Einen Mangokeimling einpflanzen

  1. Ihr bereitet nun einen hohen Anzuchttopf (Mangos bilden lange Pfahlwurzeln aus) mit Drainageschicht (Blähton, Tonscherben) und lockerem, nährstoffarmem Substrat vor – nur bei Nährstoffhunger entwickeln sich die Wurzeln richtig!
  2. Das Substrat sollte einen pH-Wert nicht über 7 haben, gut geeignet ist Kokoshumus. Wenn Ihr andere Anzuchtsubstrate einsetzt, solltet Ihr diese leicht angefeuchtet in den Backofen stecken, bevor Ihr sie in den Topf gebt. Oder in die Mikrowelle, in einem hitzebeständigen Gefäß mit locker aufliegendem Deckel.
  3. Diese Substrate sollten für eine Viertelstunde auf mindestens 160 Grad erhitzt werden, damit alle Schimmelsporen absterben. Kokoshum ist von Haus aus frei von Krankheitserregern und hat außerdem eine leicht fungizide Wirkung, deshalb habt Ihr hier keinen Schimmel zu befürchten.
  4. Wenn der Topf fertig vorbereitet ist, legt Ihr den Samen mit Hülle flach in die Erde. Er sollte von einer Schicht von 2 bis 3 cm Dicke bedeckt sein (der nackte Samen wird nur ganz leicht mit Substrat bedeckt). Die (werdende) Tropenpflanze braucht nun einen warmen Platz zwischen 25 und 30 Grad, die Erde muss gleichmäßig feuchtgehalten werden, darf aber nie zu nass werden.
  5. Ihr könnt dazu sehr gut einen Wassersprüher einsetzen. Gewässert wird mit kalkarmem (Regen-)Wasser und nie in der prallen Sonne. Wenn Ihr eine dünne Plastikfolie ganz leicht über den Anzuchttopf legt, wird die Feuchtigkeit gehalten. Es findet aber trotzdem ein wenig Luftaustausch statt, der die Schimmelbildung verhindert. Die Folie kann abgenommen werden, wenn der Keimling ein paar Zentimeter hoch ist.

Pflege der jungen Mangopflanze

Sämlinge versorgen sich mit allen Nährstoffen aus dem Mangokern, Dünger würde die Entwicklung nur stören. Wenn der Keimling etwa zwei Monate alt ist, könnt Ihr beginnen, ihn ganz vorsichtig mit etwas Flüssigdünger zu versorgen (einmal in der Woche etwa ein Viertel der üblichen Menge). Eure neue Pflanze hat sicher einen ziemlich großen Pflanztopf bekommen, der Samen hat ja schon eine imposante Größe. Deshalb kann er eine ganze Zeit im gleichen Pflanzgefäß bleiben.

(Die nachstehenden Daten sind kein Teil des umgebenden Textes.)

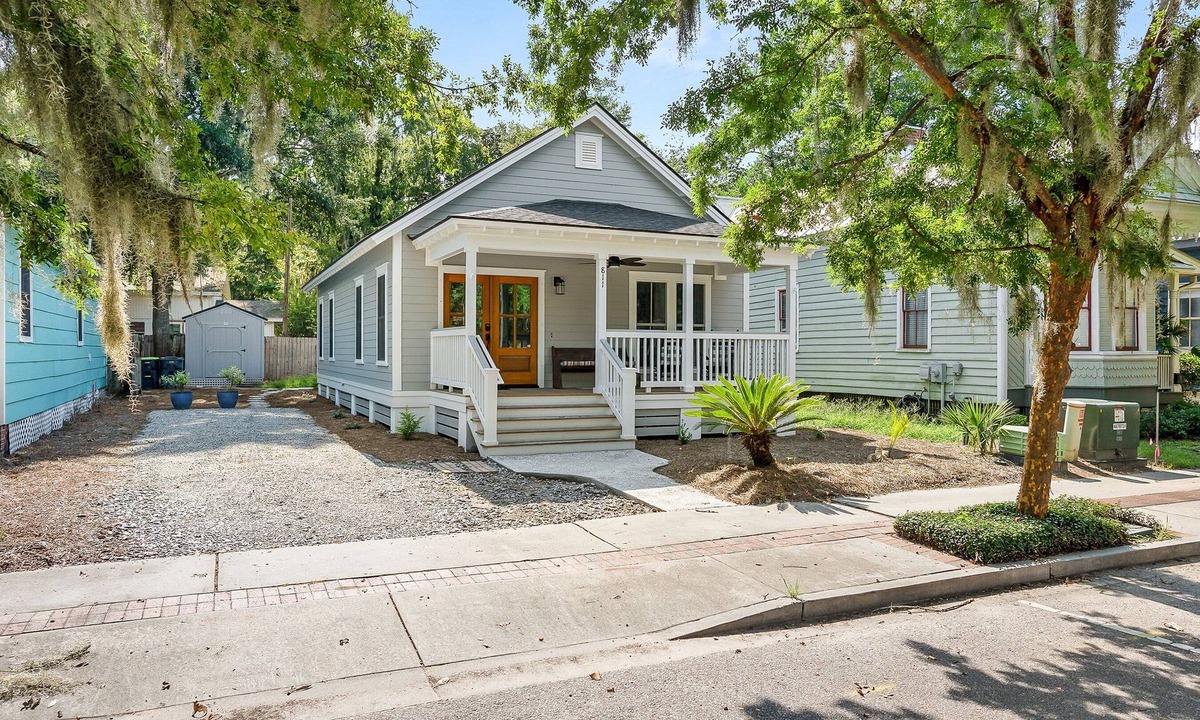 Historic District House | Bladen Hideaway - Downtown Southern Charm
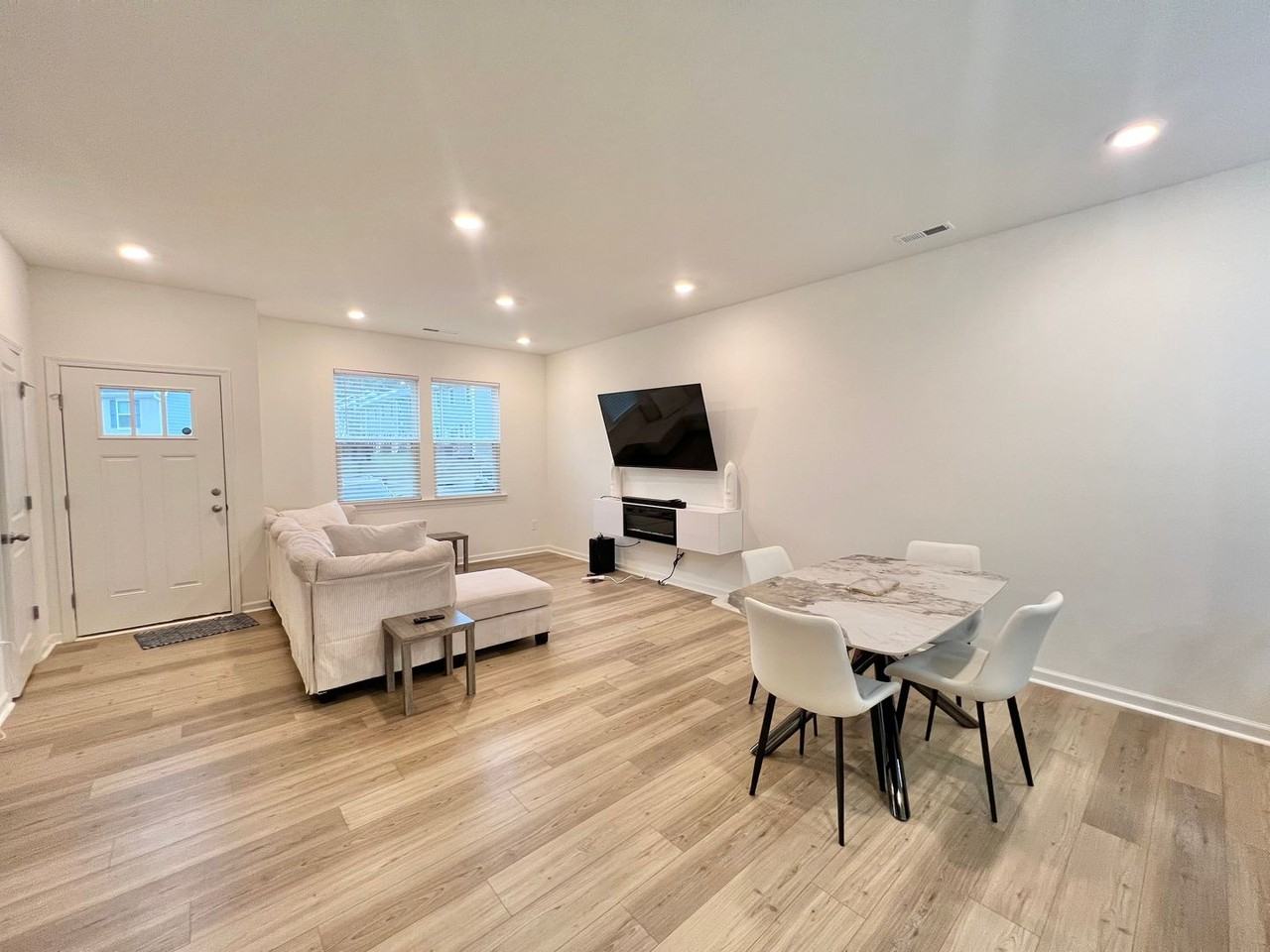 3096 Spline Cir - Photo 4 of 24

Erst nach ein bis zwei Jahren solltet Ihr ihn in eine Mischung aus Kokoshumus, Kompost und lehmhaltiger Gartenerde (je ein Drittel) setzen. Am wichtigsten ist Eurer Mangopflanze, dass sie warm und sonnig steht, auch im Winter, da Mangobäume keine Winterpause einlegen.

Fazit

Wenn Euer Mangobaum prächtig gekeimt ist, solltet Ihr trotzdem nicht der Erwartung verfallen, einmal eigene Mangos zu ernten. Das schafft die Tropenpflanze bei uns leider nicht, ein entsprechendes Klima könntet Ihr Eurer Mango nur mit künstlicher Beleuchtung, also erheblichem Energieverbrauch, im Gewächshaus bieten. Es gibt aber auch viele spannende einheimische Früchte, die aus Resten des Einkaufs entstehen können. Ihr könnt Euch z. B. einen Aprikosenbaum selber ziehen, auch einen Granatapfelstrauch kann man problemlos selber ziehen, nicht selten überlebt er auch in Deutschland im Garten.